Cette situation érode la confiance des marchés et des partenaires économiques internationaux du Sénégal.

L'agence de notation Standard & Poors (S&P) a abaissé la semaine dernière d'un cran la note de la dette à long terme du Sénégal, à "CCC+", mentionnant des "finances précaires".

Un mois plus tôt, l'agence Moody's avait également abaissé d'un cran la note de la dette souveraine du pays, pour la deuxième fois cette année.

En conséquence, la valeur des obligations sénégalaises en devises étrangères a baissé sur les marchés ces dernières semaines.

"Quand on est triple C, le Sénégal ne va plus pouvoir avoir accès au marché obligataire, ne va plus pouvoir se financer tout seul", indique Benoît Vesco, président du cabinet de conseil Delubac AM.

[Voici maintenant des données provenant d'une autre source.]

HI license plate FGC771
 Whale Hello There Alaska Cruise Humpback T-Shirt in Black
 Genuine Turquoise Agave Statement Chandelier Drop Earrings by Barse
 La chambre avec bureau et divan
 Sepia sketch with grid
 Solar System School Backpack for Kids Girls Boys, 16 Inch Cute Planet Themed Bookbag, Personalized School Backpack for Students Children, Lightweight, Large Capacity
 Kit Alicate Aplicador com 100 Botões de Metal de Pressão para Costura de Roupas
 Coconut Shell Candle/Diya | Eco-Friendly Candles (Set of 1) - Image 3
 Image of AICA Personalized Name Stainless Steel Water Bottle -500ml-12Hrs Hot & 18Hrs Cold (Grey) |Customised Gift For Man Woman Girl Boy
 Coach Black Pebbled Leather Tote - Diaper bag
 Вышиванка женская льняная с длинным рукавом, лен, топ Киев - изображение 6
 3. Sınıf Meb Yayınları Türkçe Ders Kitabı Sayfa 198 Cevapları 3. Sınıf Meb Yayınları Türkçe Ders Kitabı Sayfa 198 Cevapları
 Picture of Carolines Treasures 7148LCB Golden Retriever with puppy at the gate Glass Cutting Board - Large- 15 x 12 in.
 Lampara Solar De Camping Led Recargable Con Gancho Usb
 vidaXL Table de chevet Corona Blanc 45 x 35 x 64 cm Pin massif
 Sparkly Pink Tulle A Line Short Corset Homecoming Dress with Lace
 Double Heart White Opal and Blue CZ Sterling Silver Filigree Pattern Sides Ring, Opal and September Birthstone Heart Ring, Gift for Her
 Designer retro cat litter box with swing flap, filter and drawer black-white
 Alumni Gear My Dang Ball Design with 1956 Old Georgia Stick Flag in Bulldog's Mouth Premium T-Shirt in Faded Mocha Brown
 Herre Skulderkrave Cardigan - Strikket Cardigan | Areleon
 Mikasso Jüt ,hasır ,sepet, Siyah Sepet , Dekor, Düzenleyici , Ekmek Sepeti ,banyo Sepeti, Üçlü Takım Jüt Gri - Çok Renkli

"Le climat n'est pas bon", confirme Moubarack Lo. "Les investisseurs manquent de visibilité, donc ça peut freiner les investissements d'envergure". L'économiste préfère toutefois parler de "tensions" financières plutôt que de "crise" à ce stade.

En attendant le programme d'aide du FMI qui permettra de redonner confiance aux marchés et d'emprunter à des taux plus bas, le Sénégal doit emprunter sur le marché financier sous-régional, à des taux très élevés.

Le recours à cette dette régionale "permet au moins de payer les salaires et les charges de fonctionnement" et de rembourser "les échéances de la dette qui arrivent", explique M. Lo.